Характеризация селекционных свойств сайта мишени разных векторных систем очень пригодна для ранжирования разных типов векторов и преобразования их в соответствии с их генотоксическим потенциалом [280]. Транспозон Sleeping Beauty обладает, по крайней мере, отклонением от случаного в отношении геномного распределения: отсутствует очевидная склонность или к гетерохроматиновым меткам или эухроматиновым меткам и имеется лишь слабая корреляция с транскрипционным статусом генов мишеней [281]. Это находится в заметном контрасте с распределением сайтов мишеней разных др. транспозонов, включая Tol2 [264, 282] и piggyBac [264, 283, 284] , которые предпочитают интеграцию в гены и соседние хроматиновые метки, характеризующие активные единицы транскрипции (напр., ацетилирование H3K27 и монометилирование H3K4). Транспозон piggyBac, как было установлено, особенно предпочтает открытый хроматин, экспрессирующиеся гены и TSSs (±5kb) , ассоциированные с сайтами гиперчувствительности к DNase I, H3K4Me3 меткам и связанным с Pol II регионами в клетках мышей и людей [283-288]. Эти наблюдения в целом подтверждают, что Sleeping Beauty может быть самым безопасным на сегодня доступным транспозоном для доставки терапевтических генов при клинических испытаниях.
Conclusions
Stem cell therapies have been expected to bring substantial benefit to patients suffering a wide range of diseases and injuries. It was expected that the benefits of bone marrow transplants for patients needing reconstruction of their hematopoietic and immune system would apply to stem cell transplants of other cell types, and optimism has been high for the utilization of embryonic and induced pluripotent stem cells for a variety of applications. However, before these promising stem cells or their differentiated derivatives are administered to patients, genomic integrity of these cells has to be ensured to guarantee that these cells remain therapeutically functional and are not tumorigenic.

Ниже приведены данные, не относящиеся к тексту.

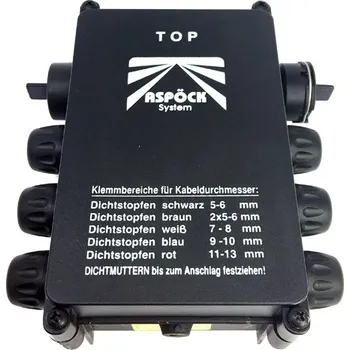 Auto elektroinstalace Rozvodná skříň elektroinstalace k návěsu Aspock ASS3, 6x malý + 2x velký vývod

In recent years, a remarkable amount of data accumulated showing that the activity of endogenous TEs can be one source of genomic destabilization in stem cells, and constitutes a risk for the biosafety of stem cell-based therapies. By giving an overview of the potentially mutagenic activity of TEs in human multipotent and pluripotent stem cells, the consequences of their activity for the genomic integrity and host gene expression, we provide arguments for a thorough characterization of TE activity and its consequences in the individual stem cell lines before their therapeutic utilization in patients in order to ensure biosafety of these stem cells cells and/or their applied derivatives.